The union said that since 2009 pay in further education has fallen behind inflation by 35% while the pay gap between school and college teachers stands at around £9,000.
The strike comes after 89.9% of University and College Union (UCU) members voted in favour of industrial action. Staff were initially offered a 1% deal, which was rejected, followed by a revised offer of 2.5%.
UCU general secretary Jo Grady said: “Strike action on this scale in further education is unprecedented but our members have been left with no other option, they are being pushed into poverty by college bosses who refuse to raise pay to help them meet the cost-of-living crisis.
“College staff deliver excellent education but over the last 12 years their pay has fallen behind inflation by 35% and now thousands are skipping meals, restricting energy use and considering leaving the sector altogether.
“This strike action will continue for 10 days unless college bosses wake up to this crisis, stop dining off the goodwill of their workforce and make a serious pay offer.”

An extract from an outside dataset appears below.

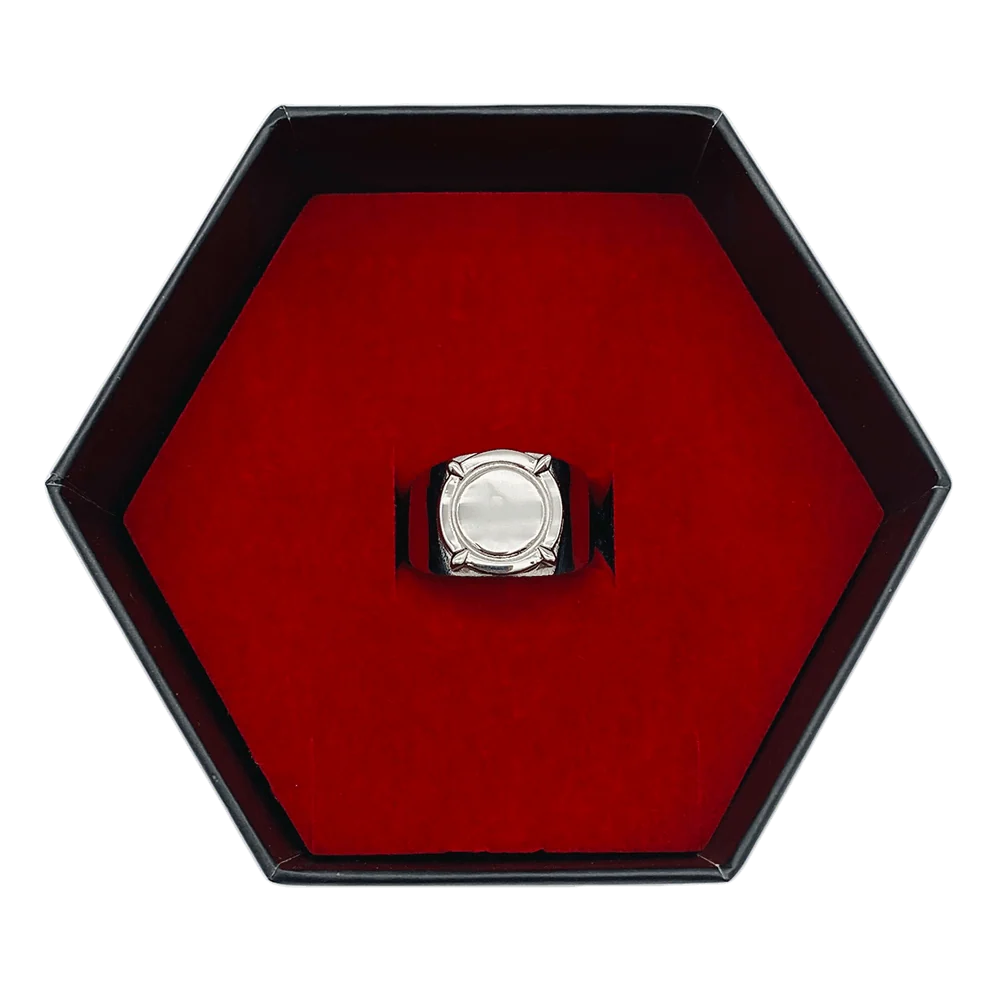 Miraculous Adrien's Ring - Image 6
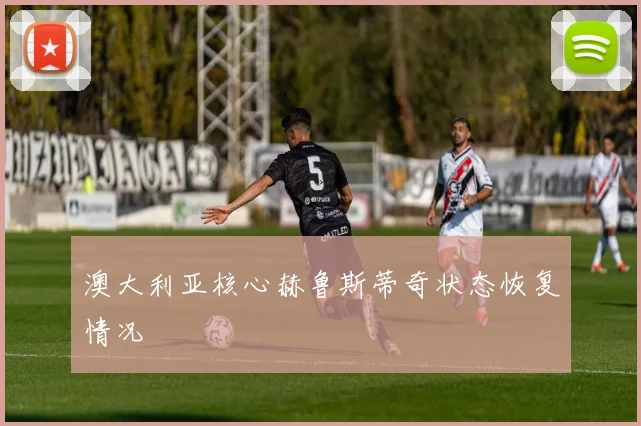 澳大利亚核心赫鲁斯蒂奇状态恢复情况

The Derby Telegraph has reported that teachers and lecturers at Derby College are set to take 10 days of term-time strike action after rejecting the offer of a 2.5% pay rise.
Edward Pickering-Symes, a computer science lecturer, told the paper that a number of teachers have left the college in recent years in favour of working in schools or in industries offering higher pay and more annual leave.
He said: “We have many experienced teachers and support staff who are leaving in droves because, in real terms, we are facing a 30% shortfall in pay, due to lack of pay rises and inflation. The college is not putting the retention of high-quality staff first, despite being financially sound, and this will inevitably have a knock-on effect on education standards.”
When are lecturers striking?
The strikes will take place over four weeks in the first half term of the academic year. The full dates of strike action are:
- Week 1: Monday 26, Tuesday 27 and Wednesday 28 September (3 days)
- Week 2: Thursday 6 and Friday 7 October (2 days)
- Week 3: Monday 10 and Tuesday 11 October (2 days)
- Week 4: Tuesday 18 Wednesday, 19 and Thursday 20 October (3 days)
According to UCU’s website, staff at Burnley, Liverpool and Oldham colleges are also striking over pay, but are striking on different dates, which are: Tuesday 4, Wednesday 5 and Thursday 6 October.
Who else has been striking over pay?
The industrial dispute follows a summer of strikes across other sectors, including rail, post and telecoms. These walkouts are set to continue in the coming weeks.
Royal Mail workers plan to strike on 30 September and 2,000 London bus drivers will strike from 4 October 4. Train drivers will also take industrial action.